_Exercise prompt:_ Print the lines of the listing below verbatim from its first line through the line bearing "Wanderer Reversible Kantha Robe.". Any pictures are to be omitted.

_Data listing:_
[Start of section]
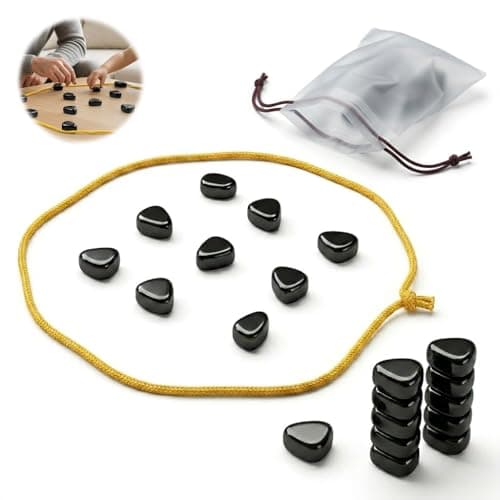 Image of Magnetic Chess Game with Stones and String, Portable Strategy Board Magnet Game for Kids and Adults, Fun Family Travel Games for Party and Gatherings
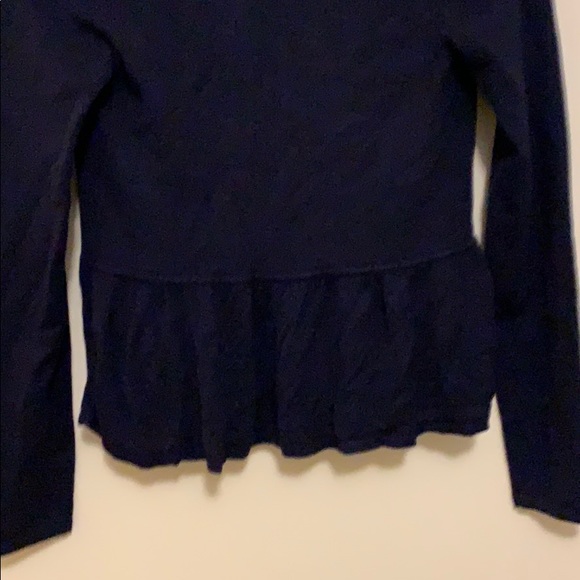 Ruffled hem cardigan. Navy blue - Picture 4 of 4
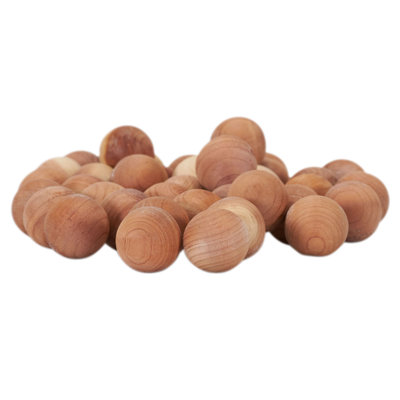 Binstead Cedar Fresh Cedar Balls, 48 Pack with Fresh Cedar Scent, Solid Redwood Cedar, Great for Long-Term Storage, Drawers and Bins, Natural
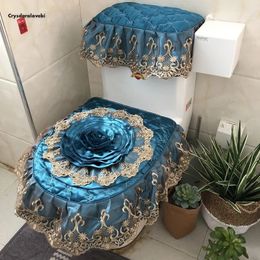 Toilet Seat Covers Luxury European-style three-piece toilet set Fabric lace toilet seat Thicken universal seat cushion toilet zipper Cover Sewing 231013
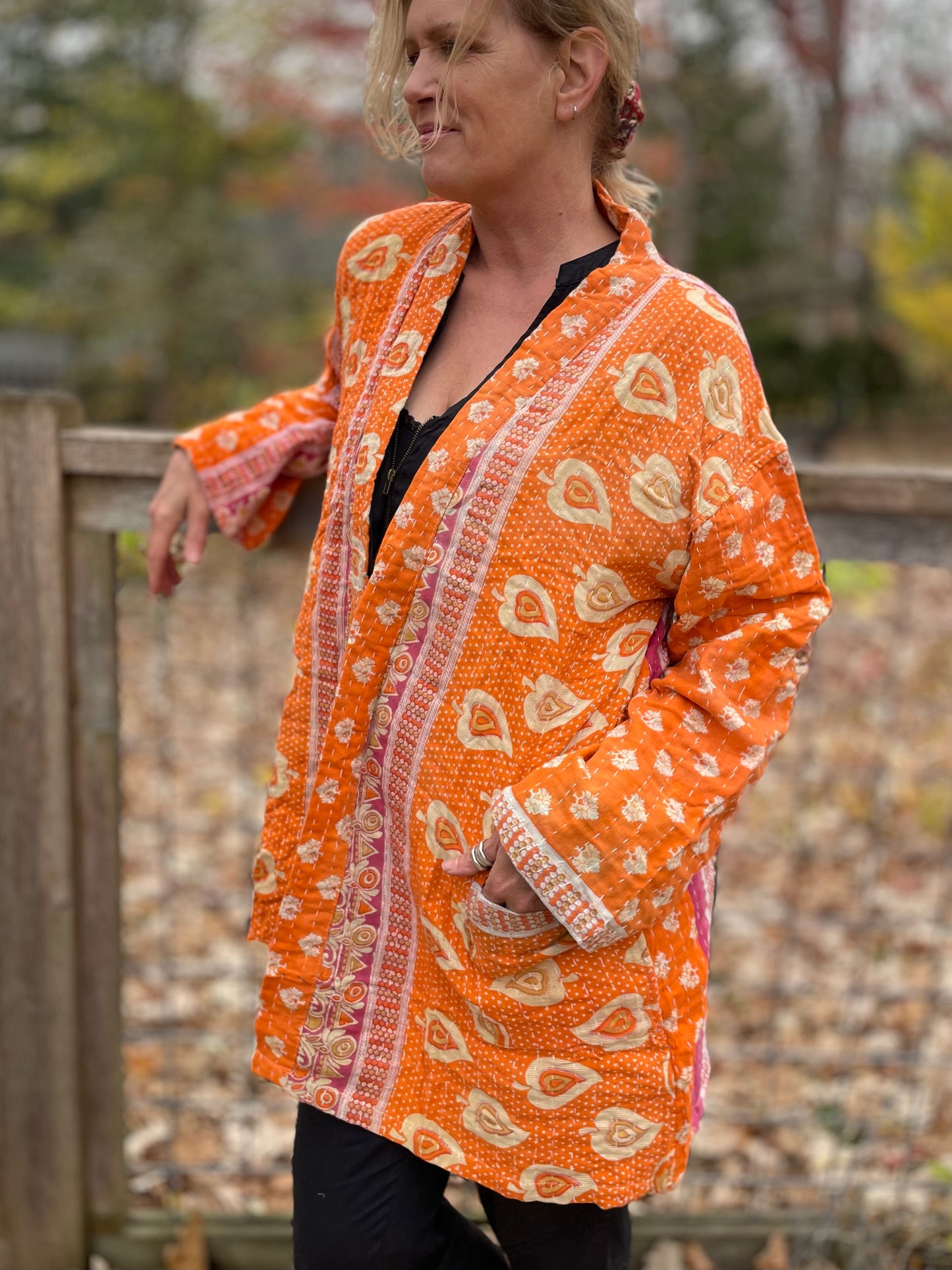 Wanderer Reversible Kantha Robe.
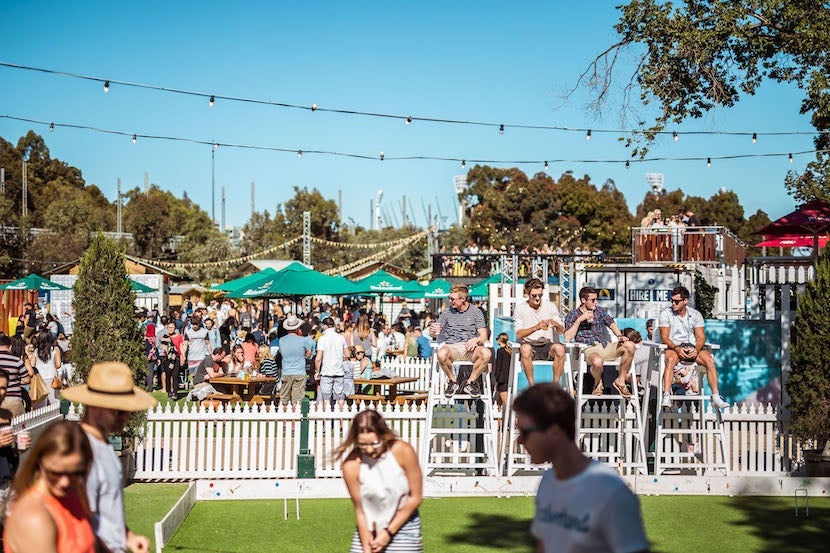 Play a round of croquet while catching live music at the summer pop-up Royal Croquet Club in Birrarung Marr park. Image courtesy of Royal Croquet Club.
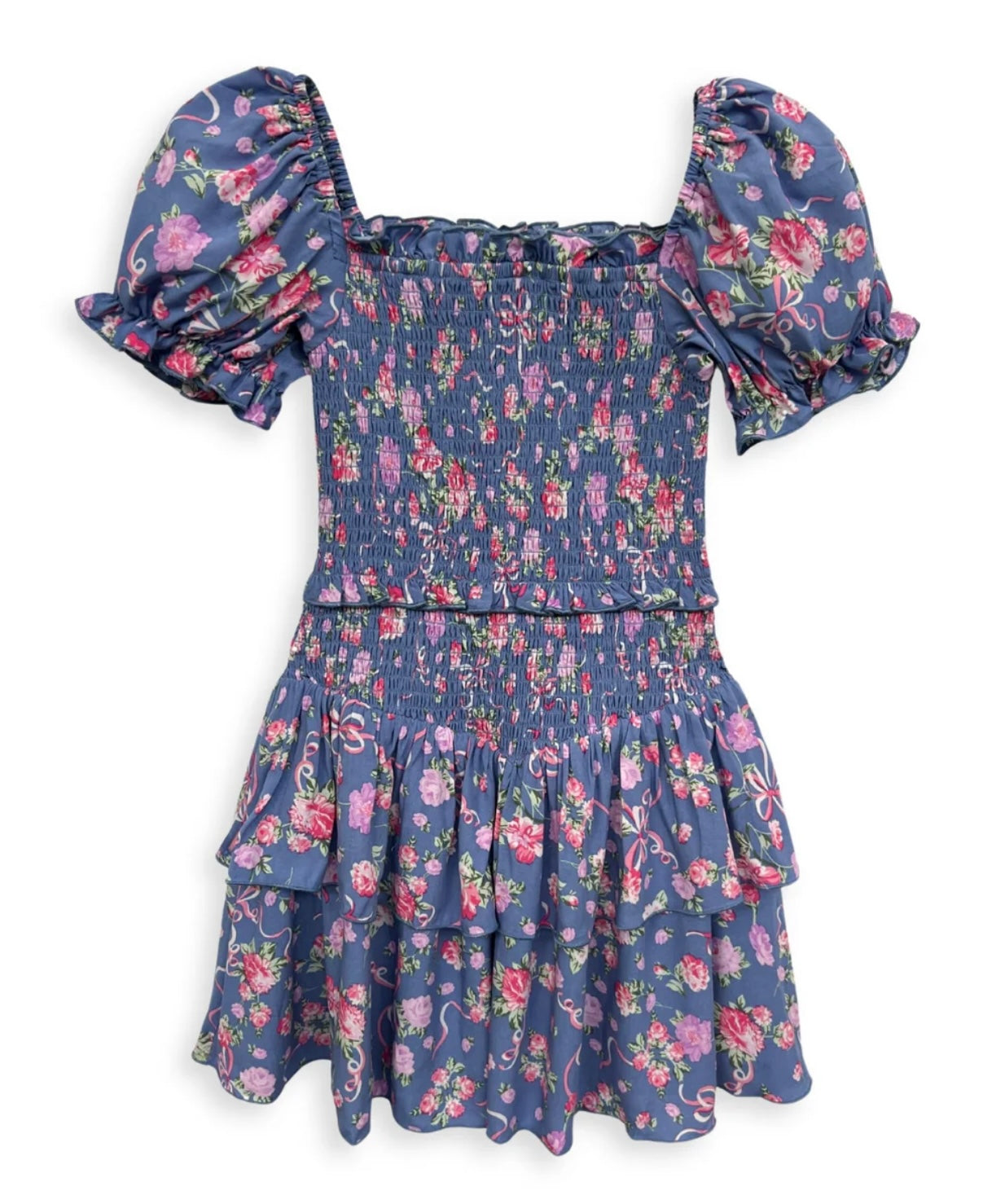 Katie J NYC  Girls Tween Lainey Print Dress - Vintage Blue Floral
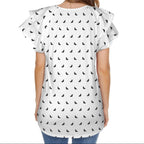 Polka Bats Ruffle Sleeve Top
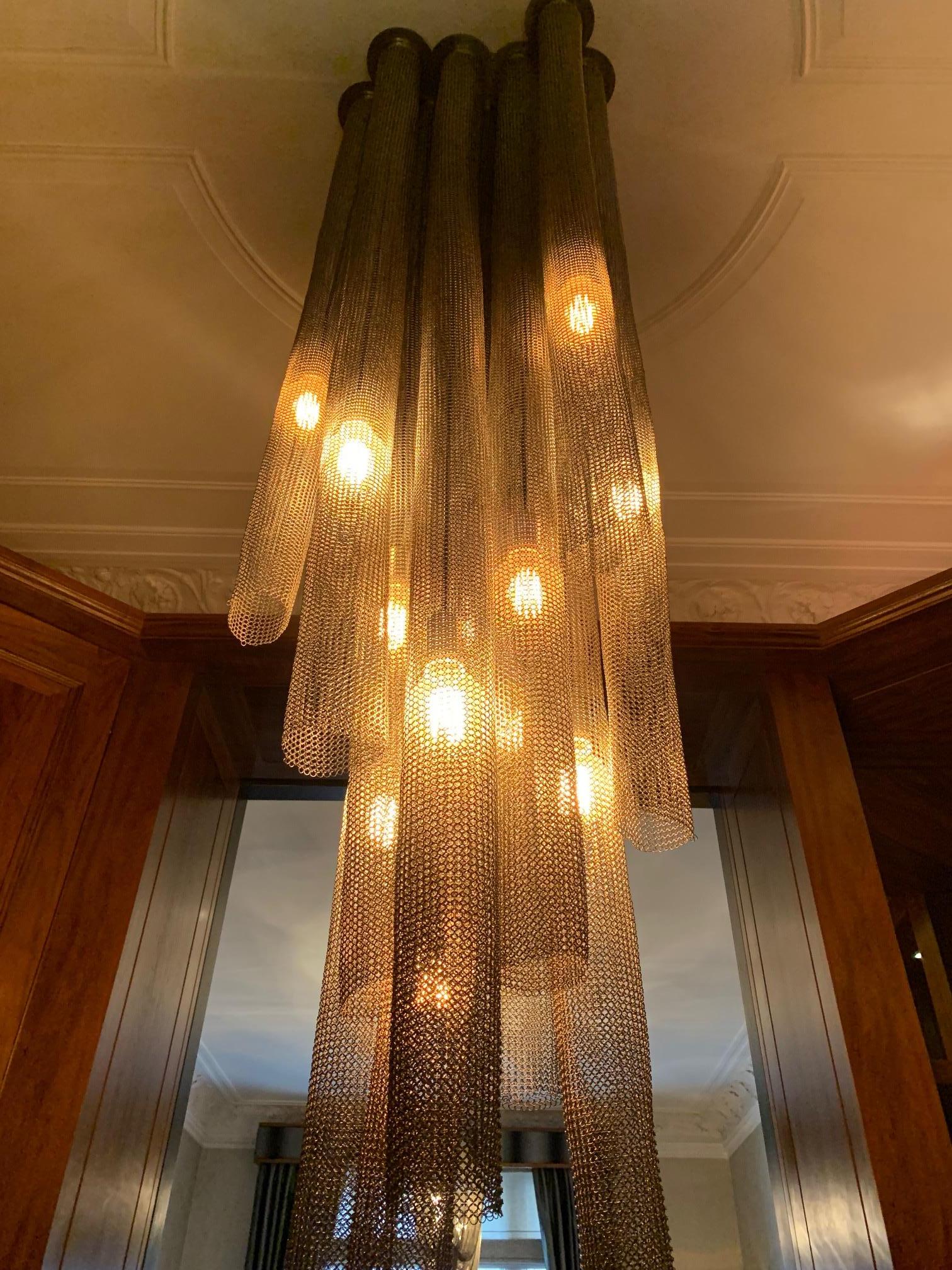 Contemporary Brutalist Industrial Style Chainmail Chandelier Boa by Fuse Lighting 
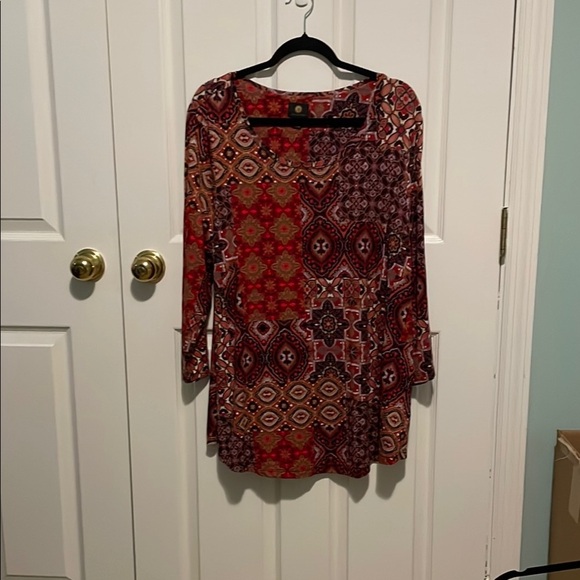 JM Collection Orange and Brown Graphic Long Sleeve Top - Picture 1 of 7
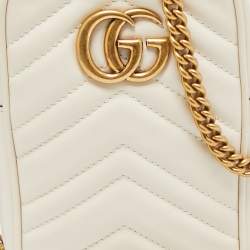Pre Owned Gucci Off White Matelassé Leather Mini GG Marmont Shoulder Bag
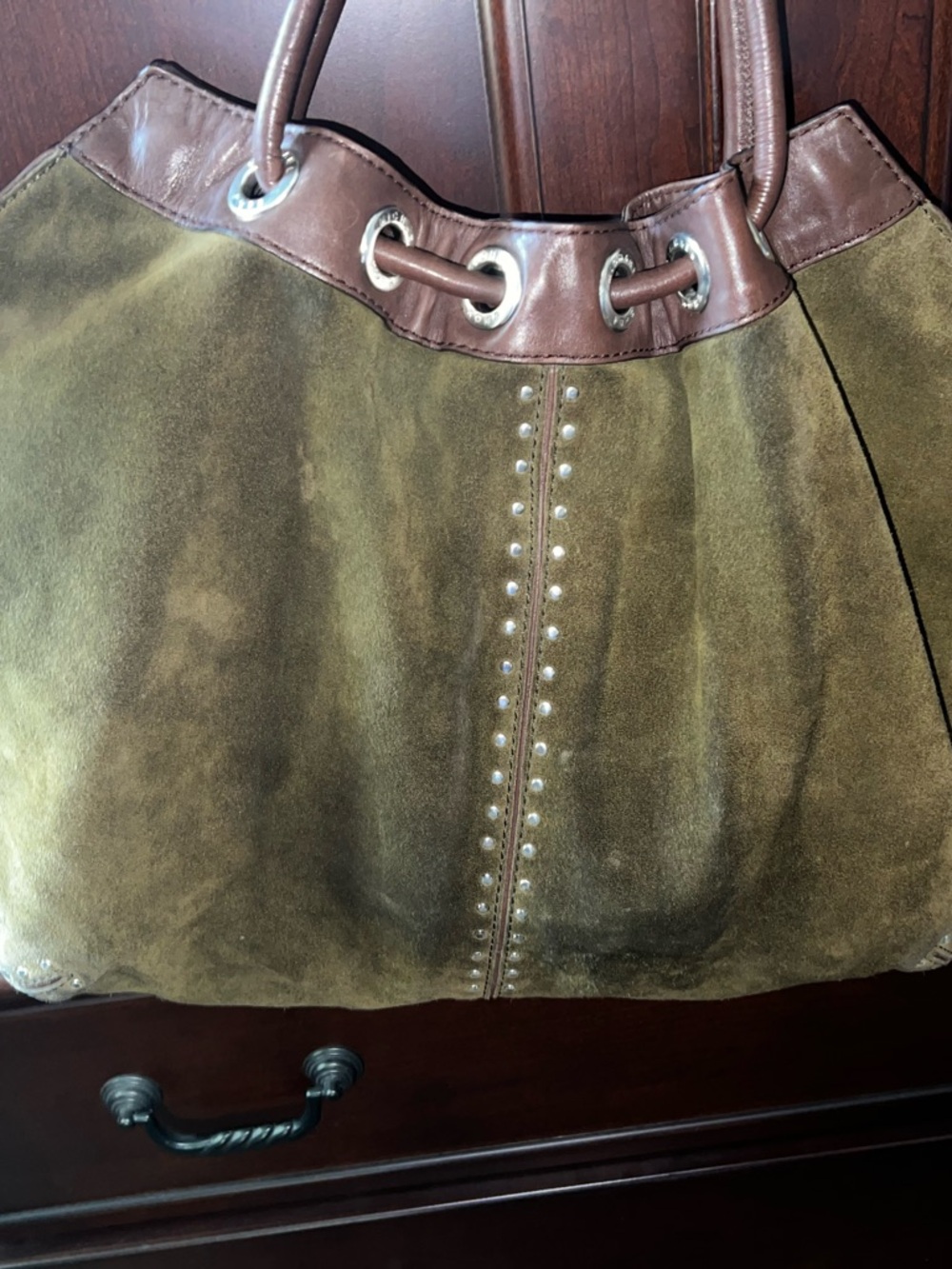 Michael Kors Olive Green and Brown Suede Shoulder Bag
[End of section]
_Your solution:_
 Image of Magnetic Chess Game with Stones and String, Portable Strategy Board Magnet Game for Kids and Adults, Fun Family Travel Games for Party and Gatherings
 Ruffled hem cardigan. Navy blue - Picture 4 of 4
 Binstead Cedar Fresh Cedar Balls, 48 Pack with Fresh Cedar Scent, Solid Redwood Cedar, Great for Long-Term Storage, Drawers and Bins, Natural
 Toilet Seat Covers Luxury European-style three-piece toilet set Fabric lace toilet seat Thicken universal seat cushion toilet zipper Cover Sewing 231013
 Wanderer Reversible Kantha Robe.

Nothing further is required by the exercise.